Habercilik ahlakı ile hiç örtüşmeyen bu ahlaksız sansür Hayır Partisi'nin yüzbinleri aşan gönüllülerini yaralasa bile yaklaşan referandum da halkımızın neden Hayır oyu vermesi gerektiğinin önemli kanıtlarından birisi haline gelmiştir. Güçlü demokrasilerde basın ve ifade özgürlüğünün en az sandık kadar önemli olduğunu hatırlatmak isteriz. 

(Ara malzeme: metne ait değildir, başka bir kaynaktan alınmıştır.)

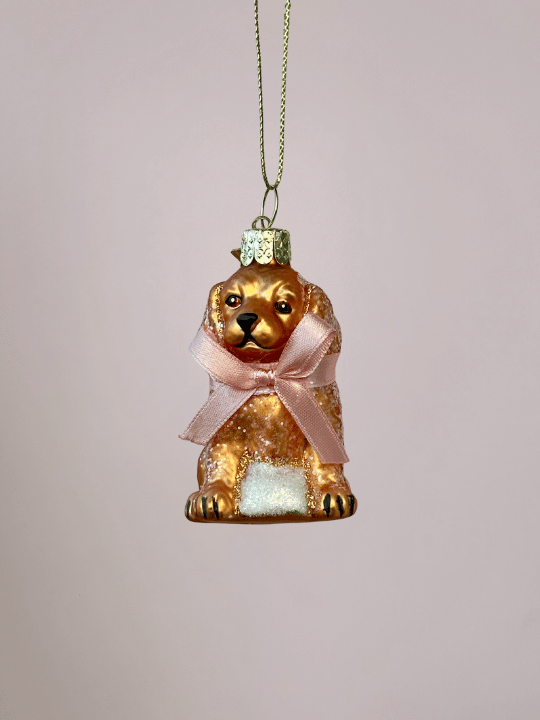 Close-up van Vondels glazen labradoodle kerstbal met mat goudblonde kleur en roze strik op lichtroze achtergrond.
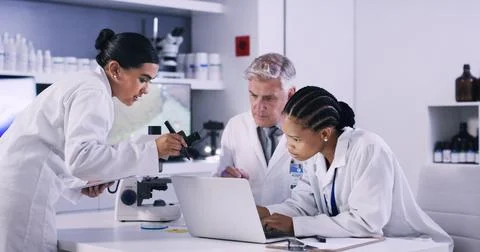 Laptop, research and team of scientists in laboratory for medical study, br.. Stock Photos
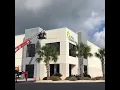 No Job s Too Big Architectural Sign Installation on Building Face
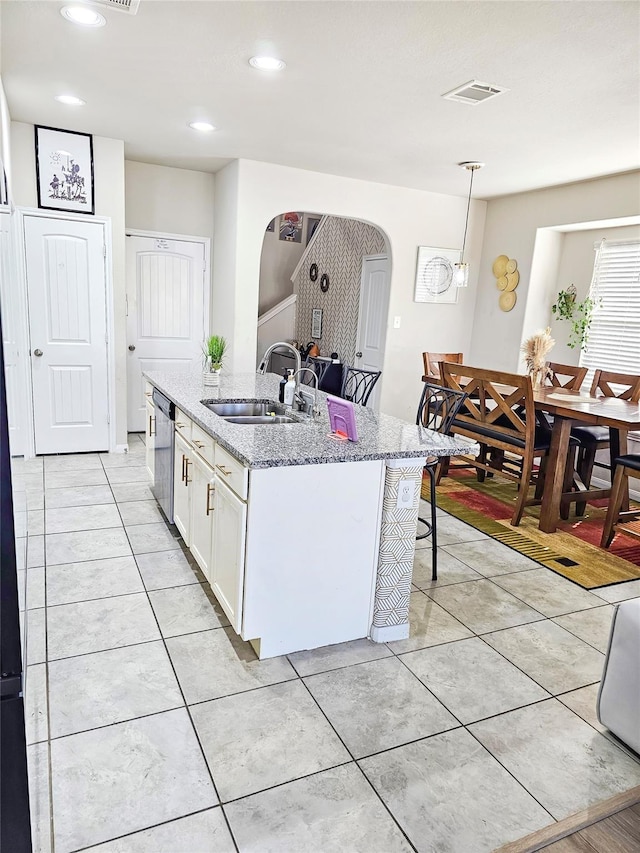 3519 Rossini Dr, Katy, TX 77493 - kitchen featuring a sink, arched walkways, dishwasher, white cabinetry, and light stone counters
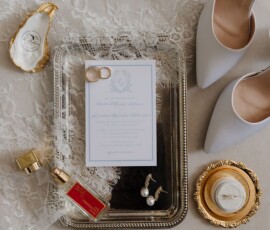 Wedding accessories flat lay: white heels, lace veil, pearl earrings, rings, ring box on a silver tray—New Orleans elegance.
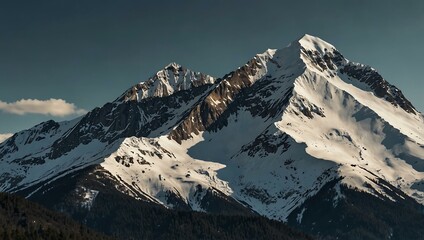 Obraz premium Majestic snow-capped mountain peak in the distance.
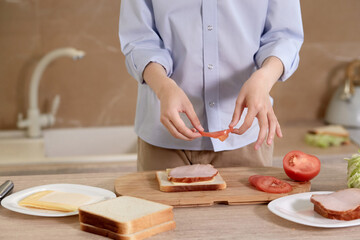 Boy is preparing breakfast for himself. Child is preparing a sandwich of bread.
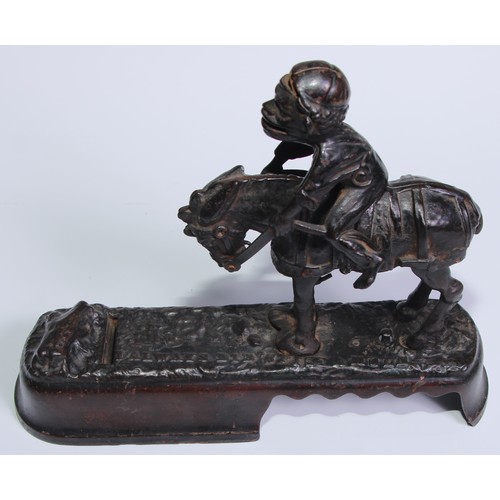 6 - A 19th century American cast iron novelty mechanical bank money box, as a jockey thrown  from his mo...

Türkiye'nin yarısını terörist ilan etmekten çekinmeyen siyasi iktidardan bir vicdan beklentimiz olmasa da koskoca bir medya sektörün varlık nedeni olan habercilik kültürünü kaybetmesi çok acıdır. Habercilik bir sanattır. Özgürlüğü elinden alınmış bir sanatçı yüreği acı dolu bir işçidir. Hükümet baskısı altında ezilerek haber yapamayan tüm basın çalışanlarının acısını anlıyor; medyanın bu hale gelmesini sağlayan medya patronlarını kınıyoruz. Her yönü ile tarihe geçecek olan referandum sürecinde bu baskıların tarihe not edilmesi maksadı ile kamuoyuna bu açıklamayı gerçekleştiriyoruz. 17 Nisan'da özgür bir Türkiye'ye ulaşabilmek için haydi Türkiye sandığa diyoruz.